Co ciekawe, nasze wyobrażenie o świętach Bożego Narodzenia przeważnie pokrywa się z rzeczywistością. Tak uważa 61 proc. badanych, z których 45 proc. odpowiedziało „raczej tak”, a 16 proc. „zdecydowanie tak”. Najczęściej wyobrażenie o świętach jest zgodne z ich rzeczywistym przebiegiem dla osób w wieku 55-64 lata. 64 proc. z nich ma pozytywne odczucia, a jedynie 11 proc. negatywne. Największy rozdźwięk między wizją świąt, a ich faktycznym obchodzeniem panuje w grupie wiekowej 25-34 lata.

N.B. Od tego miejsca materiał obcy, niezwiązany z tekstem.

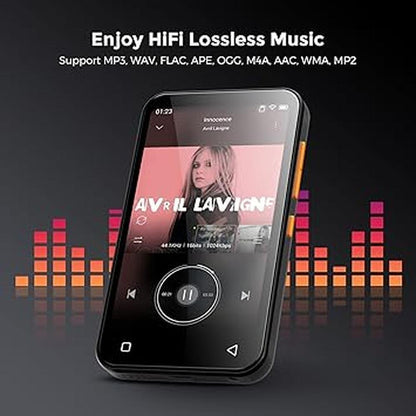 MP3 Player: Timmkoo 72GB with Bluetooth 4.0 – In Use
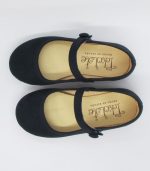 Merceditas Serraje Marino Detalle Botón - Imagen 4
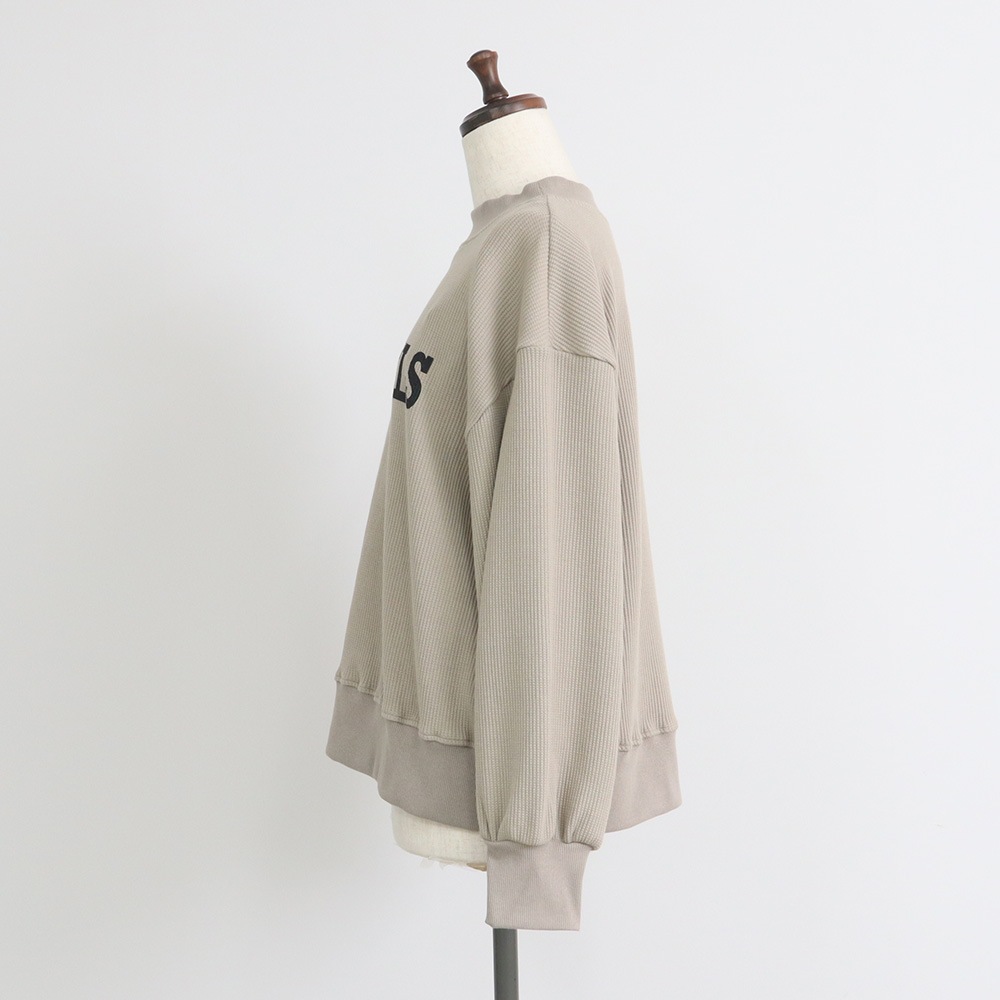 NARU(ナル) スーパーストレッチベアワッフル BRUSSELSプリントPO 659020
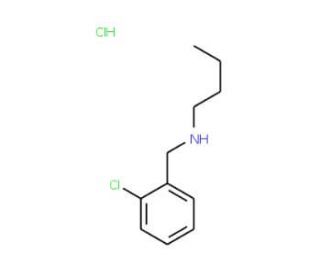 N-(2-Chlorobenzyl)-1-butanamine hydrochloride (CAS 16183-40-7) - chemical structure image
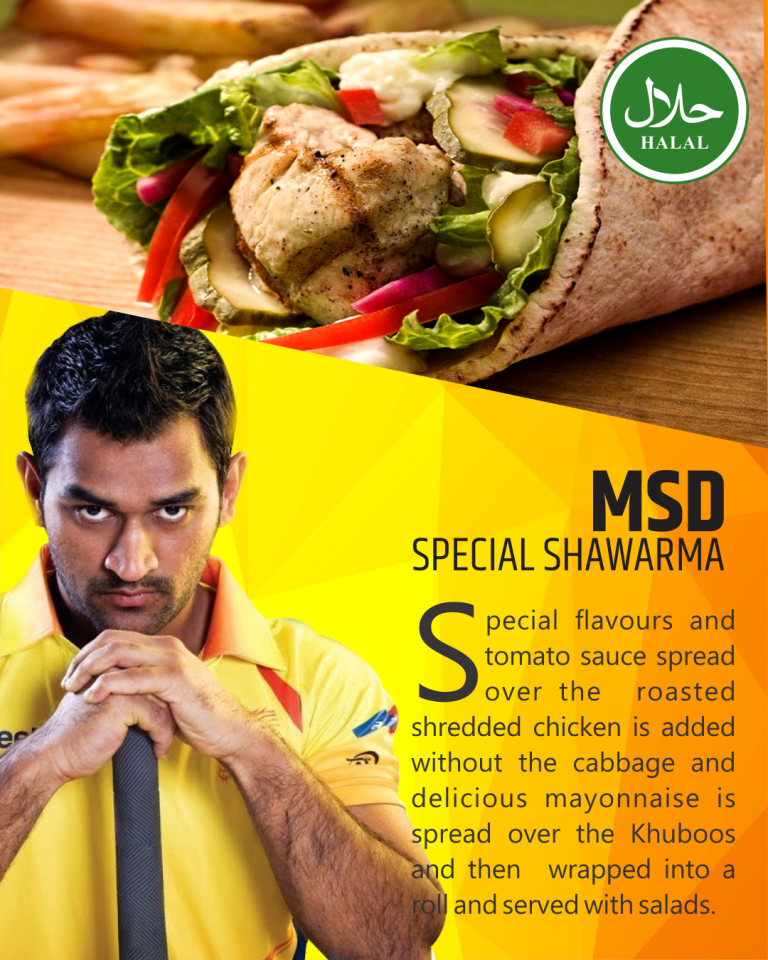 MSD Special shawarma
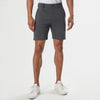 7 Carbon Comfort Knit Chino Shorts with white sneakers.
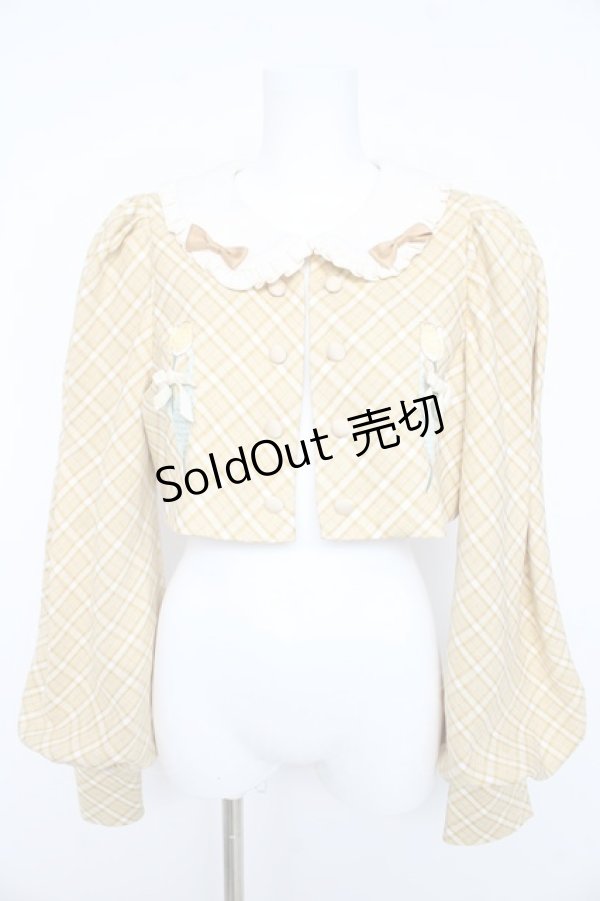 画像1: Hoshibako Works / チューリップさんバルーンスリーブボレロ M イエロー Y-26-02-11-052-LO-JA-SZ-ZY (1)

Co czwarta osoba w tej kategorii wiekowej dostrzega jednak wyraźne różnice między oczekiwaniami a rzeczywistością.

– Nie wszystkie święta są „idealne”. Nie każda atmosfera przy stole jest ciepła i rodzinna. Co wtedy? Mimo że święta ciągle są bastionem tradycji, to socjologowie wskazują na rosnący trend akceptacji różnorodnych sposobów przeżywania świąt – czy to w większym gronie, na spacerze, ze znajomymi, na wyjazdach czy przy serialach na kanapie. Świąteczne kampanie coraz częściej promują więc trochę więcej autentyczności: „Twoje święta – Twój wybór” – podsumowuje Wojciech Walczak, dyrektor strategiczny w agencji kreatywnej Przestrzeń.

Główne wnioski

  1. Święta Bożego Narodzenia łączą Polaków zarówno przez przekonania religijne, jak i tradycję. Mimo że większość kojarzy przygotowania i sam czas świąt pozytywnie, towarzyszą nam również stres i nerwy wynikające z organizacji czy zakupów.
  2. Odczucia wobec świąt są silnie zróżnicowane ze względu na wiek, płeć i rolę w przygotowaniach. Główna odpowiedzialność za organizację świątecznych spotkań spoczywa głównie na kobietach i starszym pokoleniu.
  3. Wielką rolę podczas spotkań odgrywają prezenty, które budzą mnóstwo różnych emocji – od radości i euforii po obawę i niepokój. Co ciekawe, w reakcji na prezenty, prawie nigdy nie jesteśmy obojętni.